START Data for the task

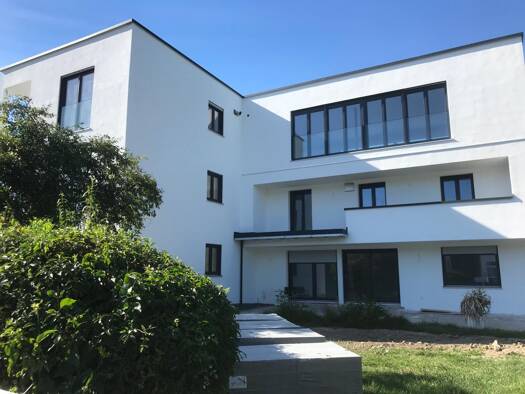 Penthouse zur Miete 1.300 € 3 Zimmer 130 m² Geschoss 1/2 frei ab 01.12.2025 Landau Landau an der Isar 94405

END Data for the task
START Data for the task

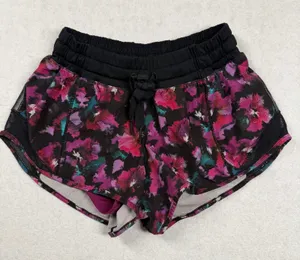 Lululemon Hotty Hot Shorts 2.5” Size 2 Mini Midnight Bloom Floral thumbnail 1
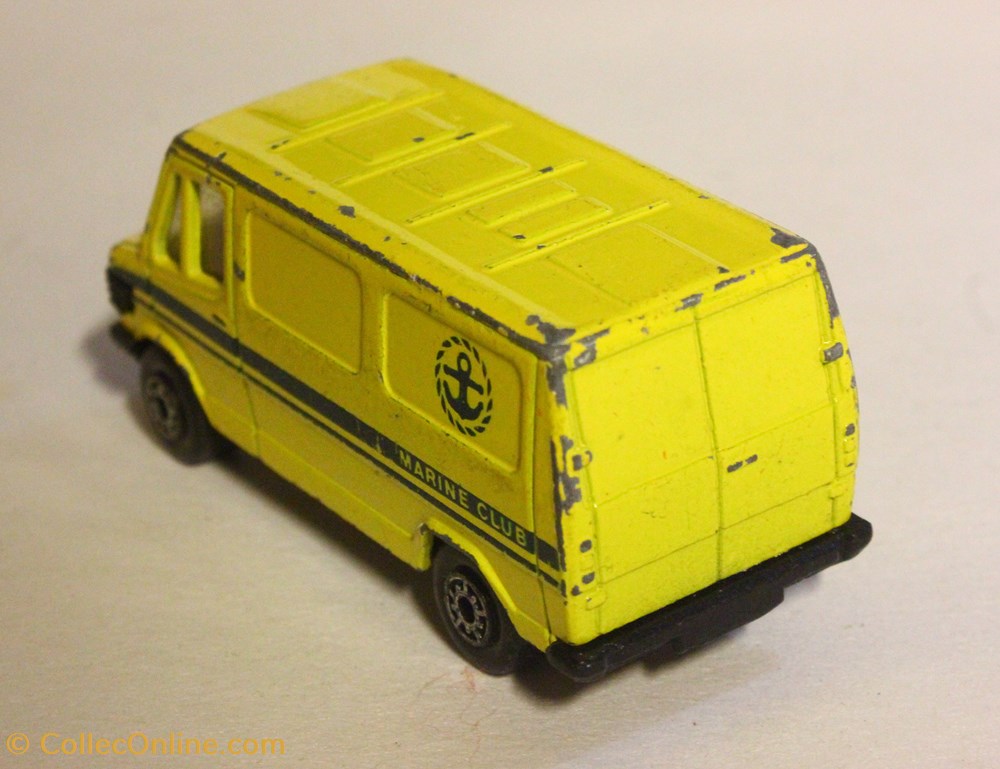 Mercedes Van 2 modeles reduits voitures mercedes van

END Data for the task

» **Goal of the exercise**
Extract, without any images, the part of the material above that opens with the line containing "Lululemon Hotty Hot" and closes with the line containing "Mercedes Van 2", both lines included.

» **Task result**
 Lululemon Hotty Hot Shorts 2.5” Size 2 Mini Midnight Bloom Floral thumbnail 1
 Mercedes Van 2 modeles reduits voitures mercedes van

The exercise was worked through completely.